N-waste plant work OK’d

Shannon Dininny Associated Press

YAKIMA – Work to build a massive waste treatment plant at south-central Washington’s Hanford Nuclear Reservation will ramp up again within 30 days, the U.S. Department of Energy said Tuesday.

The news comes nearly two years after federal officials slowed, then halted, construction on parts of the $12.2 billion plant amid escalating costs, seismic concerns and technical problems.

The return to full construction follows extensive analysis of new data collected from deep holes drilled at the site last year to analyze the plant’s ability to withstand a severe earthquake.

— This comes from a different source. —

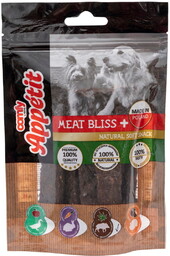 COMFY Appetit Bliss paski dziczyzna z konopią 100g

“This certification marks the end of a two-year project to plan, collect and analyze new geological data necessary to complete the design and construction of one of the largest and most complex nuclear facilities in the DOE,” said Jim Rispoli, assistant secretary of energy for environmental management.

The federal government created Hanford in the 1940s as part of the top-secret Manhattan Project to build the atomic bomb. Today, it is the nation’s most contaminated nuclear site, with cleanup costs expected to top $50 billion.

The cornerstone of cleanup is the so-called vitrification plant, which is being designed to convert millions of gallons of radioactive waste to glasslike logs for permanent disposal underground.

In 2002, the Defense Nuclear Facilities Safety Board raised concerns that the department’s seismic review of the plant site was inadequate.

A subsequent review in 2004 found that the force of the ground movements at the site during a worst-case-scenario earthquake would be 38 percent greater than previously estimated.

The department ordered contractor Bechtel National to increase the seismic design criteria by 38 percent. The latest review, certified to Congress on Tuesday, upheld those criteria.